(Short web captions)
════
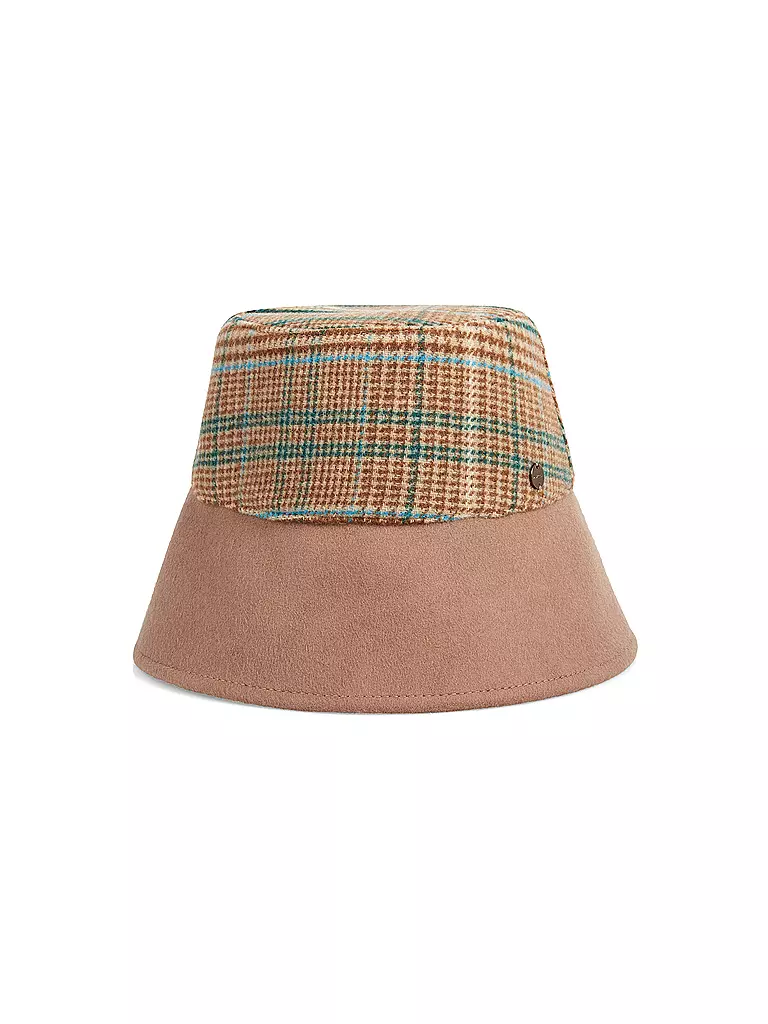 MARC CAIN | Bob - Chapeau seau | orange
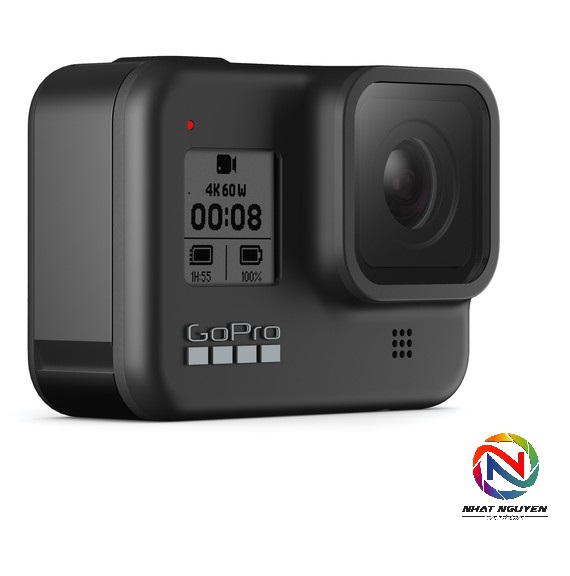 Camera hành trình GoPro 8 Black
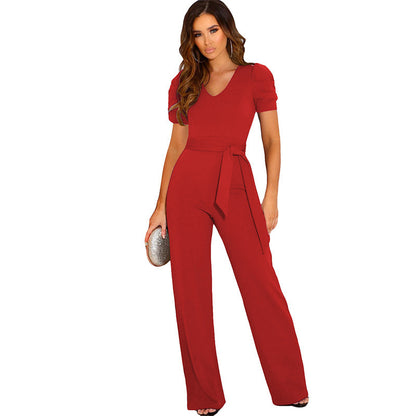 Mist Azur Jump suits Women&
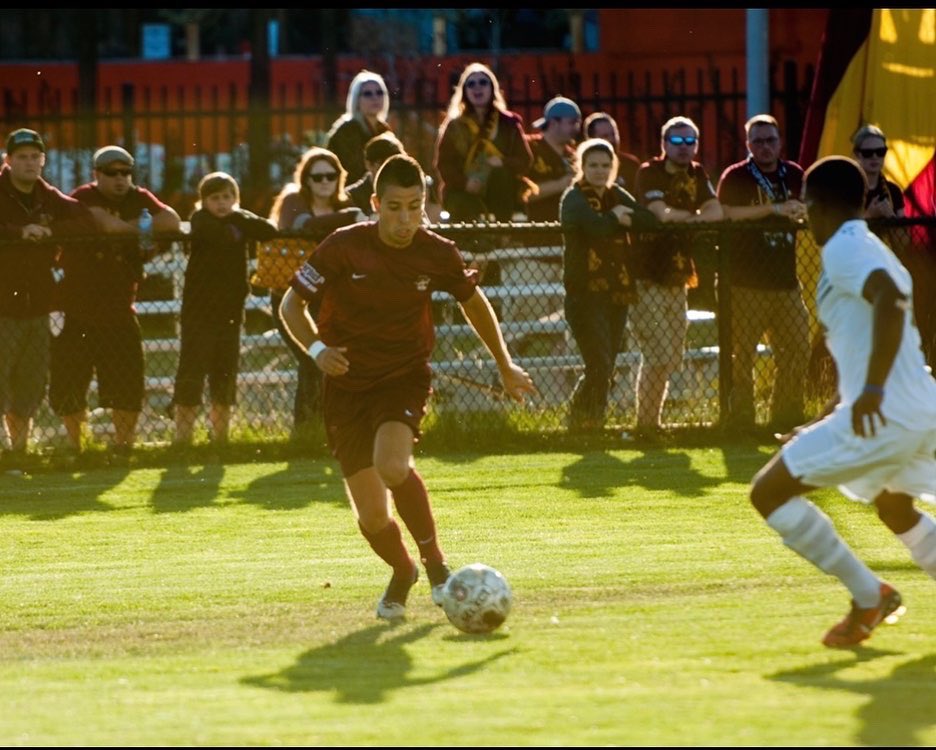 chomakovg's tweet image. After 8 seasons with Detroit City FC, It is time to say goodbye. It is never easy to make life changing decisions but sometimes you have to. I thought about posting this a while ago but never went through with it. It all started in 2014 and what a journey it has been.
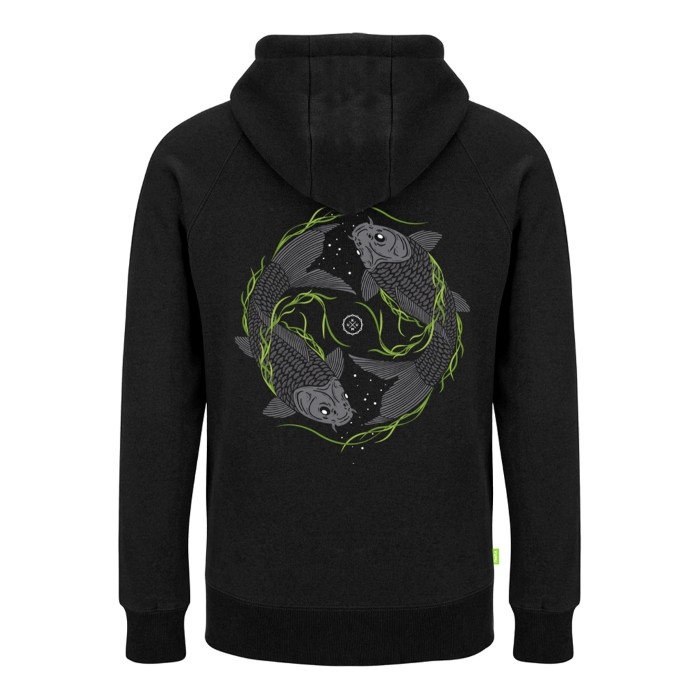 Kumu Vortex Hoodie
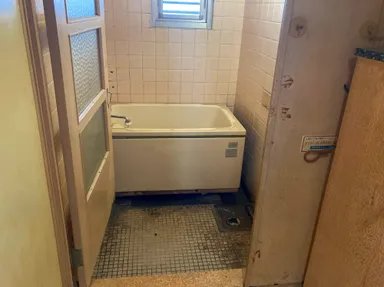 築40年の中古マンション 6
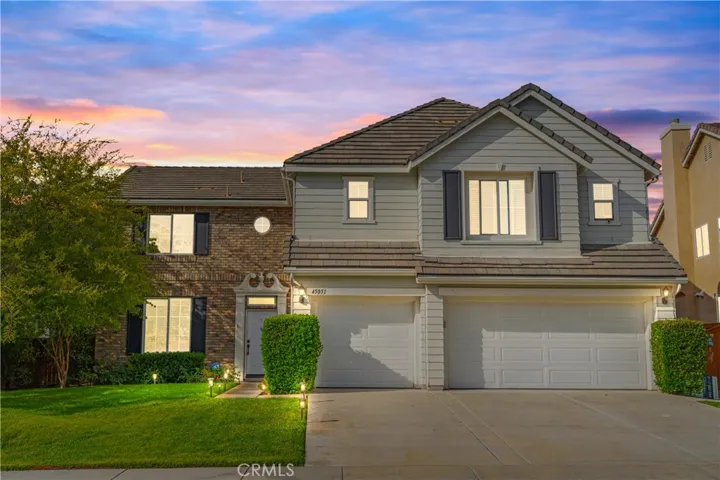 45051 Oakford Court, Temecula, California 92592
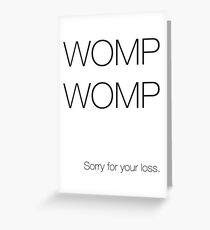 Condolences Greeting Cards | Redbubble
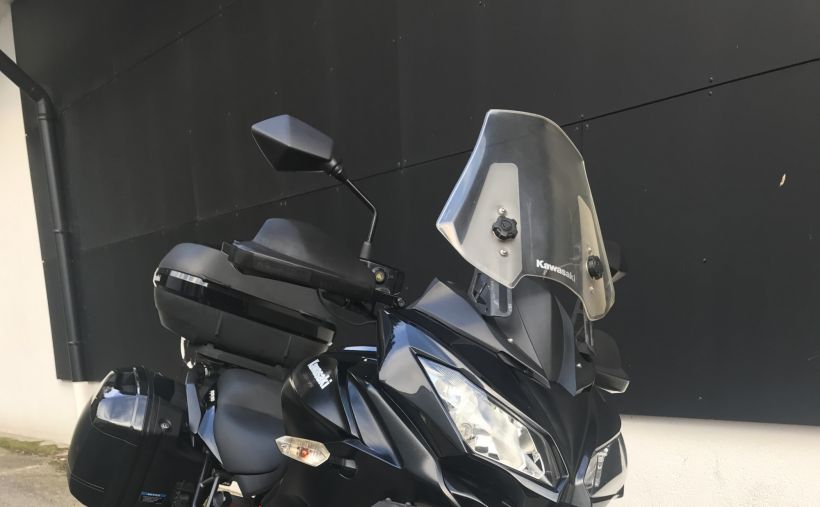KAWASAKI VERSYS 650 3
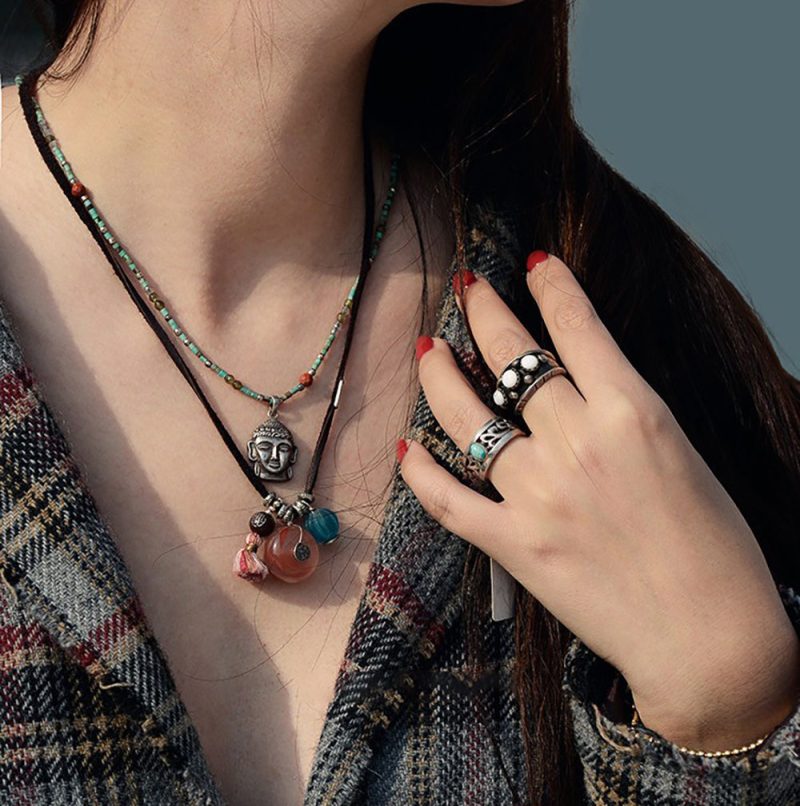 Guardian's Blessing Pendant - Image 7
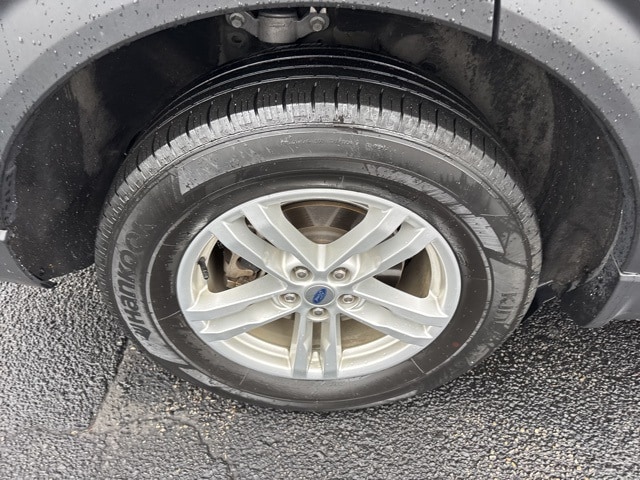 2022 FORD EXPLORER - Image 30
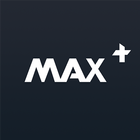 Maxplus ícone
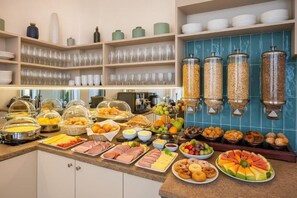 Dining - Gozsdu Court Budapest (Budapest)
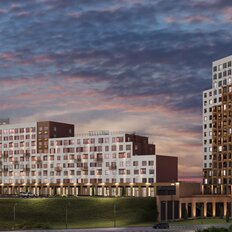 Квартира 107,9 м², 4-комнатная - изображение 5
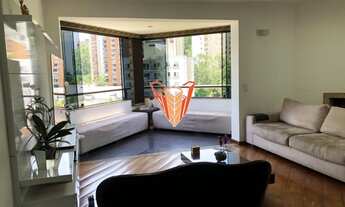 Imagem 2: COBERTURA RESIDENCIAL em SÃO PAULO - SP, VILA ANDRADE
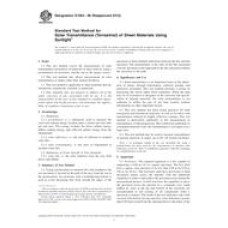 ASTM E1084-86(2015)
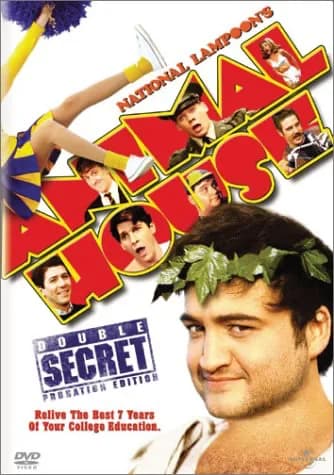 National Lampoon's Animal House Double Secret Probation Edition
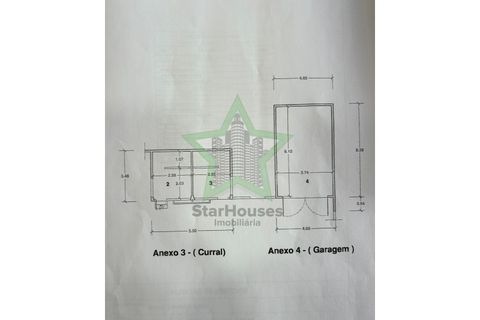 Farm i Tomar, Santarem, Tomar - € 165.000 | Ref: Star_142 - foto 18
════
- _WORK TO COMPLETE_: Keep every word of the records above exactly, and return them with no pictures.

- _OUTPUT OF THE EXERCISE_:
 MARC CAIN | Bob - Chapeau seau | orange
 Camera hành trình GoPro 8 Black
 Mist Azur Jump suits Women&
 chomakovg's tweet image. After 8 seasons with Detroit City FC, It is time to say goodbye. It is never easy to make life changing decisions but sometimes you have to. I thought about posting this a while ago but never went through with it. It all started in 2014 and what a journey it has been.
 Kumu Vortex Hoodie
 築40年の中古マンション 6
 45051 Oakford Court, Temecula, California 92592
 Condolences Greeting Cards | Redbubble
KAWASAKI VERSYS 650 3
 Guardian's Blessing Pendant - Image 7
 2022 FORD EXPLORER - Image 30
 Maxplus ícone
 Dining - Gozsdu Court Budapest (Budapest)
 Квартира 107,9 м², 4-комнатная - изображение 5
 Imagem 2: COBERTURA RESIDENCIAL em SÃO PAULO - SP, VILA ANDRADE
 ASTM E1084-86(2015)
 National Lampoon's Animal House Double Secret Probation Edition
 Farm i Tomar, Santarem, Tomar - € 165.000 | Ref: Star_142 - foto 18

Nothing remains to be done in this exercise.